The Post-Divorce Process

How long does it take to “get over it?”

I once heard that it takes 5 years for every year you were together to get over it. If that were true, I would be dead and buried and still grieving my marriage. I refuse to accept that. However, I also believe that there is no timeline for the mourning process but there are stages. Getting through each one is highly individual and sometimes, you can take 2 steps forward and ten steps back. You beat yourself up over it too. Why can’t I just move on? Why do continue to ruminate in the past? Why do I let a small setback ruin my progress? Because you are human. We tend to overthink and create storylines that may not even exist in real life. We want justice or revenge when we feel we’ve been violated. For me, I get carried away in these thoughts but never act on them. Some call it, “taking the high road”.

How long do these feelings last? As long as you let them. You are in control of your thoughts and consequently, your emotions. The reason you FEEL sad, frustrated or angry is because your mind is allowing you to THINK about the things that evoke those emotions. I’m not suggesting that you can just forget what happened to you or bury your past so deep that you no longer feel anything. Those who can do that (and your ex may be that person), lack compassion, empathy and remorse. The only way they can deal with the pain they caused is to somehow justify it to themselves, ignore it or supress so much that they never deal with it. Maybe they even run away to the other side of the country and remove themselves from anything and everything that may remind them of you and their past. They create a new life with a new person, a new car and a new home. Their life is shiny and new and different. Unfortunately, everything gets old. And what are they left with? Their true self. They must lay their head down each night, look themselves in the mirror every morning and be OK with with who is looking back.

But focusing on their progress or lack thereof, it not your responsibility. When they abandoned you, they also relinquished their right to your “unconditional” support. There was a time when you would have jumped in front of a train for them and then, when you least expected it, they drove that train through your heart.

The damage is irreparable. The hurt seems to linger endlessly. Often, it seems like the pain will be there forever. When will the suffering end?Eventually, it will start to come and go in waves. At first, the waves crash over and over and you feel as if you are drowning. Slowly, the tide will go out and you can take a deep breath. Just be prepared — it does come rolling back and sucks you in again. Learn to swim.

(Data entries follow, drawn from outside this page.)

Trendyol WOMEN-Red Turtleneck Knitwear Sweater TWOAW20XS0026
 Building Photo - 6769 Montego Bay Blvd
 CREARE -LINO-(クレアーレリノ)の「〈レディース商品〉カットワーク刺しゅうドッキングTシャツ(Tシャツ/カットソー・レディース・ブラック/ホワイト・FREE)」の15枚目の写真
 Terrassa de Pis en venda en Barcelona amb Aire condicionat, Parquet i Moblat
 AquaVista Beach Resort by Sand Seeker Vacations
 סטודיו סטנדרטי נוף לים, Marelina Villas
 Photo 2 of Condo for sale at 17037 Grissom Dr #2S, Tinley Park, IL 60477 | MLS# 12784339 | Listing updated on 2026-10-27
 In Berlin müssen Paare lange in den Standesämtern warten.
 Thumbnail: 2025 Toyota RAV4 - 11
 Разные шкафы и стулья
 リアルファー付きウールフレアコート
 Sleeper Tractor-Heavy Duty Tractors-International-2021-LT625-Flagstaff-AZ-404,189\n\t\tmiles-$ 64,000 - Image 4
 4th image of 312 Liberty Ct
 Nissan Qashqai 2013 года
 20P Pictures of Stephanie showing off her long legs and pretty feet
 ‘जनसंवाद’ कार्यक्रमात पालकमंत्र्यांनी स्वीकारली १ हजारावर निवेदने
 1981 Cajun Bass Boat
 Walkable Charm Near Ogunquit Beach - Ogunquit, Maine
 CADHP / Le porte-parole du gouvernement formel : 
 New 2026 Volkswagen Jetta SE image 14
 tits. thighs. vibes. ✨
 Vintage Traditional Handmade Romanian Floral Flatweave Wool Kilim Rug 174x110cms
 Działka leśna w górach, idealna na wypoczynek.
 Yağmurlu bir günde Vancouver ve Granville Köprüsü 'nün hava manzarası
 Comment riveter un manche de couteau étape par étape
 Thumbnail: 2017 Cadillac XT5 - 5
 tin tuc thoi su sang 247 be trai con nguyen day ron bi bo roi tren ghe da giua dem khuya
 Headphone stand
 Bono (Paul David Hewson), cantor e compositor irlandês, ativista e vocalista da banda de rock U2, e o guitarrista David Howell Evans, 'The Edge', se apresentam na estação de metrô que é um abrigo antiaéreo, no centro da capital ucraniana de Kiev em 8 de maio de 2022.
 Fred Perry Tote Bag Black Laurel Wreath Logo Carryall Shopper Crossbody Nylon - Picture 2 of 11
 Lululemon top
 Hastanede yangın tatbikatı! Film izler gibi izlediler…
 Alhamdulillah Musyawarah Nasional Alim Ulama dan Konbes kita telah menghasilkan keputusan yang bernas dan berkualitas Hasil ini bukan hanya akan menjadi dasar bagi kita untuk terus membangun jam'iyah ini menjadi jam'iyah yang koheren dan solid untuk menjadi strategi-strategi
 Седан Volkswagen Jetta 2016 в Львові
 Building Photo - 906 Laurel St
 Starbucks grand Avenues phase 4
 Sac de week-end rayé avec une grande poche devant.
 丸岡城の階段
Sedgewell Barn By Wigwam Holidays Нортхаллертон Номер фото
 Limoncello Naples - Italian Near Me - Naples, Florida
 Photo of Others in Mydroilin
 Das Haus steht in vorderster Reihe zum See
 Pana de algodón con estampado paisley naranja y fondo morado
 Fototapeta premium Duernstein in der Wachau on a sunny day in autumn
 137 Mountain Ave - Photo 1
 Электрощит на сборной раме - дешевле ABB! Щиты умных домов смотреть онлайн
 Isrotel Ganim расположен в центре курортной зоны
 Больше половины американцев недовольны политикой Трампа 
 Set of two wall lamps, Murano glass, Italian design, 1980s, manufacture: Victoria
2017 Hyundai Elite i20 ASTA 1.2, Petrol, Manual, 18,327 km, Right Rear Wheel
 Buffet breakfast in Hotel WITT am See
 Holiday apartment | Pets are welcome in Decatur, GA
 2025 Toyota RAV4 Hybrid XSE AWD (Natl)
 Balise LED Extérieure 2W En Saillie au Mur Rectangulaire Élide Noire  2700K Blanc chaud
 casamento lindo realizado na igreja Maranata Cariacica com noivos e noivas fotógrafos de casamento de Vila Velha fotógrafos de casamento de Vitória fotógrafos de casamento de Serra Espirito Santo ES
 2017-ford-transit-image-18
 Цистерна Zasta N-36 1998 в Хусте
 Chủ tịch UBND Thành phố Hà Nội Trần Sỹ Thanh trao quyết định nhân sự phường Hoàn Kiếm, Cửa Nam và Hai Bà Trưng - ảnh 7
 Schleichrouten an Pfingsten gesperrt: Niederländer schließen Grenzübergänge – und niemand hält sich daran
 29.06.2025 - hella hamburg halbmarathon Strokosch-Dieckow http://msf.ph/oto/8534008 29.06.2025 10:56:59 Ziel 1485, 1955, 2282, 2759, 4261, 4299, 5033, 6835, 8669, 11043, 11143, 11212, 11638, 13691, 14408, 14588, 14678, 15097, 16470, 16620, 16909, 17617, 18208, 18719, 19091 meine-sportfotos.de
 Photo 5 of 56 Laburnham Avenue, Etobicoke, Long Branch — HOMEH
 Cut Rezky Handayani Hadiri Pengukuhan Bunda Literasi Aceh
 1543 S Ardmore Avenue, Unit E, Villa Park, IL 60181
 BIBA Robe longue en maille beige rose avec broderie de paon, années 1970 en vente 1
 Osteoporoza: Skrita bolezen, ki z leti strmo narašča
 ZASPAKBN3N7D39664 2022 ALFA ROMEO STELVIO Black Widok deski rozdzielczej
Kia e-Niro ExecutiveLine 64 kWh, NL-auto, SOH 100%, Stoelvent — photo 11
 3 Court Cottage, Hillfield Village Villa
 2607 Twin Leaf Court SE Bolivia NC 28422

Your progress may be slow like mine or you may bounce back quickly. Sometimes it depends on the circumstances surrounding your situation. Did you know it was coming? Did you see the signs but chose to ignore them? Did you try to work on the issues together but failed? I think the aftermath of divorce depends greatly on the way in which it was handled. Sometimes the difference lies in the communication. In my case, it was a complete shock. There was no indication before he left, very little information (none of which made any sense at the time) and ZERO communication afterwards. This process may take a bit longer than those whose spouse actually had the decency to TRY — or at the very least, gave them some time to process the death of their relationship. Maybe they would get to skip over the “shock” phase and go directly to grief.

The point is, it’s a highly individual process. Don’t impose a time limit on yours — it will only make it worse. Not only will you continue to suffer your loss, you will add the pressure to “get over it quickly” which will only prolong the suffering. Time will pass whether you’re obsessing over it or not, so choose not to and let it be. Eventually the waves will get further and further apart leaving more room for you to breathe. At this point, I can’t tell you what’s on the horizon because I have yet to get there myself. It sounds cliche — but you have to trust the process.